Forecast Accuracy Metrics That Matter (and the Vanity Ones to Drop)

Short answer: Most beverage companies measure forecast accuracy with MAPE, report the number in S&OP, and make no decisions with it. The metrics that actually drive better planning — bias detection, volume-weighted error, and service-level linkage — are less commonly used but far more actionable. A short, deliberate accuracy framework beats a long dashboard of vanity statistics.

The operating loop this post describes: measure, analyse, decide, act — then repeat.

The Problem With MAPE as the Default

MAPE (mean absolute percentage error) became the standard forecast accuracy metric largely because it is intuitive: “we were 12% off on average” is easy to communicate. But MAPE has well-documented structural weaknesses that make it a poor primary metric for beverage supply planning:

Infinite or unstable values near zero. Seasonal or new-launch SKUs with near-zero volumes in certain periods generate extreme MAPE values that distort portfolio-level averages.
Asymmetric business consequences. A 20% over-forecast and a 20% under-forecast have identical MAPE impact but opposite supply chain effects — one creates overstock, the other creates stockouts. MAPE is blind to direction.
Low-volume SKU inflation. Unweighted MAPE gives a 10-case-per-week SKU the same contribution to the average as a 10,000-case-per-week SKU. The result is a headline accuracy number that reflects performance on the least commercially important items.

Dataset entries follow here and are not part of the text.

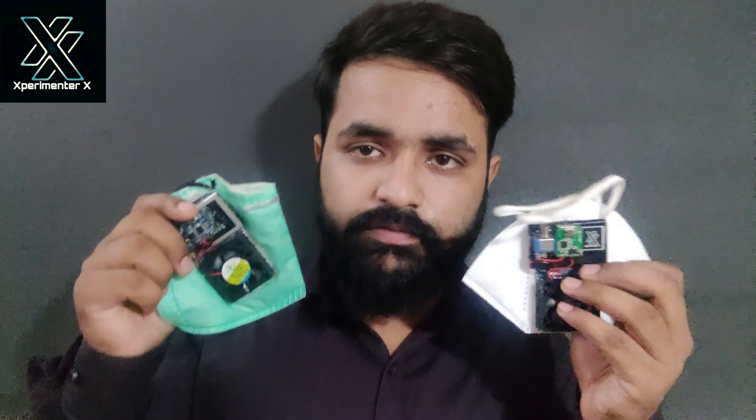At present there is no such video available, so I'll be making two of these masks. One is a blower mask and the other is a suction mask. I'll be making both of these and reviewing them at the end of the video, so make sure you watch till the end and do subscribe to the channel.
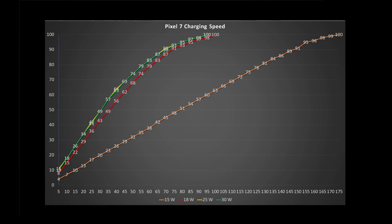Looking at the 18, 25, and 30 watt speeds: the 25 and 30 watt go neck to neck — the blue and yellow lines — almost all the way to 100%, with only occasional 1% differences. This is primarily because the phone can only take up to 21 to 25 watts max charging speed. The 18 watt is the interesting one — it almost keeps up with the 25 and 30 watt chargers, because the phone is drawing near its max the whole time at 18 watts.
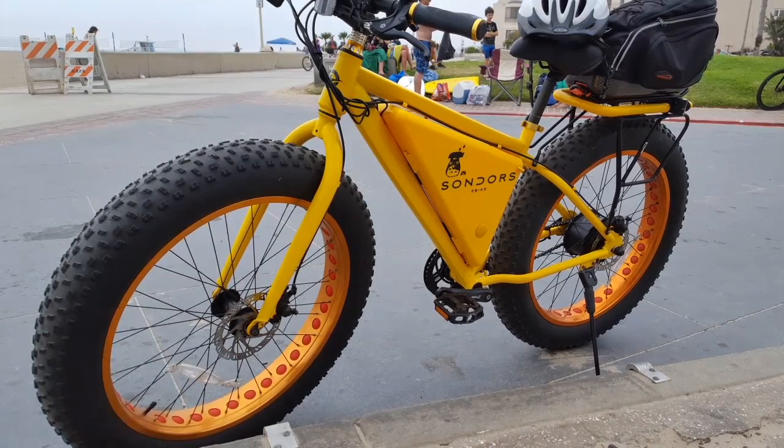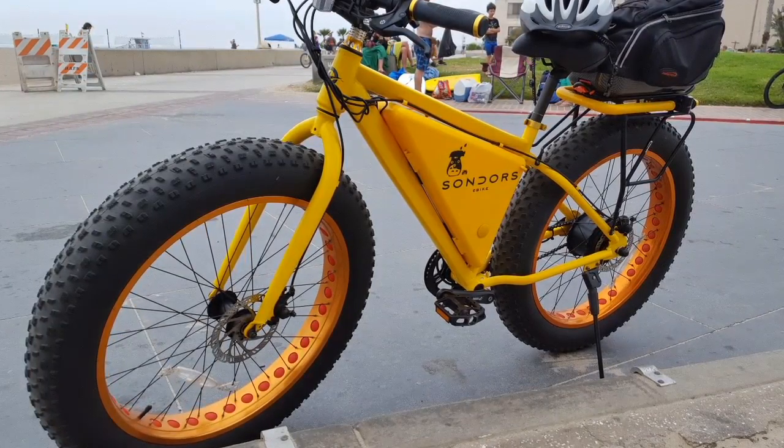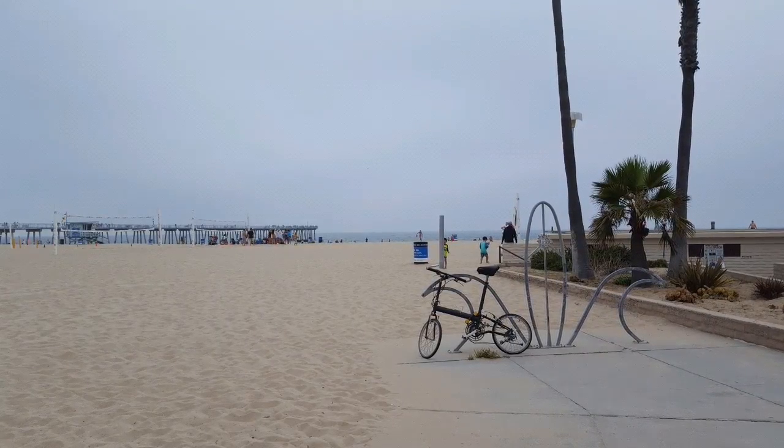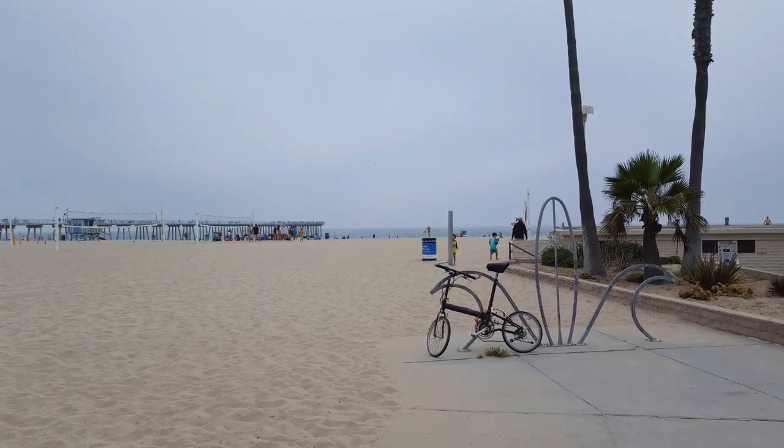I love this yellow one — whoever owned or customized it put some cute graphics on it. Overall, I like these bikes, but they're kind of overly extreme for what I need for my commute. I just kind of like simple, light folding bikes.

None of these flaws mean MAPE is useless. For a single SKU with stable, mid-range volume, it is a reasonable error measure. The problem is using it as the primary portfolio-level metric in S&OP reporting.

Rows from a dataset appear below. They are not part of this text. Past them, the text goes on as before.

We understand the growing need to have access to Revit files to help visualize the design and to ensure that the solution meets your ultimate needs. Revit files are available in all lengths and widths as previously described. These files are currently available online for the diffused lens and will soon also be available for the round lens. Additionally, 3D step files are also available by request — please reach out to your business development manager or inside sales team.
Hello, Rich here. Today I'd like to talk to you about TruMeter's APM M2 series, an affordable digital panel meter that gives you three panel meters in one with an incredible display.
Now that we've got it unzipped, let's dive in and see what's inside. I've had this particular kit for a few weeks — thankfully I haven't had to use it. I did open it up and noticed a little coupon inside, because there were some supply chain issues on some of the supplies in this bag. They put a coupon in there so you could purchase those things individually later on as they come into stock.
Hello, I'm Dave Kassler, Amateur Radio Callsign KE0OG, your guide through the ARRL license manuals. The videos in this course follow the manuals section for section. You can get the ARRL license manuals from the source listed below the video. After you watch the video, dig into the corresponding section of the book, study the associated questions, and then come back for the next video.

The Metrics That Drive Decisions

WMAPE (Weighted Mean Absolute Percentage Error). Weights absolute errors by actual volume, ensuring high-volume SKUs dominate the portfolio metric. This aligns the accuracy measure with commercial and supply significance. Most planning teams that upgrade from MAPE to WMAPE find their headline accuracy numbers change considerably — usually worsening, because it becomes harder to hide poor performance on important SKUs behind good performance on small ones.

Bias / CFE (Cumulative Forecast Error). Tracks whether the forecast is consistently high or consistently low over time. A model with zero average error but consistent over-forecasting in summer and under-forecasting in winter has a bias problem that MAPE will not surface. CFE = sum of (forecast minus actual) over a rolling period. A persistent positive CFE signals systematic over-forecasting; negative CFE signals under-forecasting. Both create structural inventory problems.

Tracking Signal. A normalised version of CFE that flags when the cumulative error exceeds a threshold — typically ±4 to ±6 — triggering a review of the underlying forecast model. This is the operational mechanism that converts bias detection into model intervention.

Service-Level Linkage. Ultimately, the purpose of an accurate demand forecast is to support a service level — fill rate, on-shelf availability, or case fill to retailers. Reporting forecast accuracy disconnected from actual service outcomes is measuring an input rather than the result. A brewery that achieves 95% case fill on a 15% WMAPE has a different problem than one achieving 80% case fill on a 15% WMAPE: the relationship between forecast error and service level tells you whether the supply buffer is correctly sized.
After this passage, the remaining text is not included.